Book Group Expo 2006 presents The Latino Experience: Writing, Reading, and Talking About America's Largest Minority Population with moderator Kathi Kamen Goldmark featuring panelist Luis Alberto Urrea in conversation with Oscar Villalo.
Part salon, part marketplace, and part marvelous party, Book Group Expo brings together a wide variety of book lovers, and authors under one roof. The Expo is an opportunity for the thousands of serious readers and book group members from throughout the Bay Area to experience a unique interactive program built around reading and discussing literature.
Bio
Kathi Kamen Goldmark
Kathi Kamen Goldmark is the author of And My Shoes Keep Walking Back to You and a contributor to Single Woman of a Certain Age, and My California: Journeys by Great Writers. She co-authors The Author Enablers, a monthly column in BookPage. Kathi is the founder of the all-author rock band the Rock Bottom Remainders, producer of the radio show West Coast Live, and Author Liaison for Book Group Expo.
Luis Alberto Urrea
Luis Alberto Urrea is an award-winning and critically acclaimed author of 11 books, including the national bestsellers, The Hummingbird's Daughter and The Devil's Highway. A 2005 Pulitzer Prize nonfiction finalist for The Devil's Highway, Urrea also won the 2006 Kiriyama Prize for fiction for The Hummingbird's Daughter.

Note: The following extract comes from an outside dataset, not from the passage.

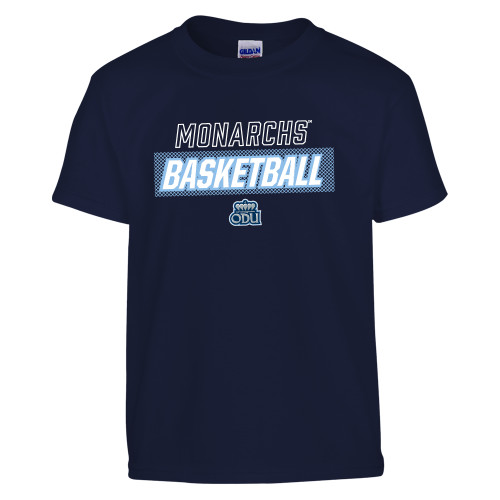  Youth Navy T Shirt - ODU Basketball Netting Pattern Design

A member of the Latino Literary Hall of Fame, Urrea has also earned a Lannan Literary Award, an American Book Award, a Christopher Award, and a Western States Book Award.
Oscar Villalon
Oscar Villalon has been the Book Editor for the San Francisco Chronicle since 2001. He has been with the paper since 1996, and has been Deputy Book Editor and a copy editor for Datebook. Oscar is a member of the jury for the Commonwealth Club's annual California Book Award and serves on the board of directors for the National Book Critics Circle, as well as on the advisory board for San Francisco's Litquake festival. He also does book commentary and reviews for public radio's "The California Report."
Urrea's description of the progression of Latino American writers' is compelling. He, and his contemporaries, paved the way for the younger generation of Latin American writers. The talk about the next step in the progression, including a multi-representational view of contemporary Latin Americans is neccessary in order for these writers to gain equal esteem and exposure as other American writers. It is interesting and unfortunate that Latino American writers are often snubbed by both American readers and South American readers alike.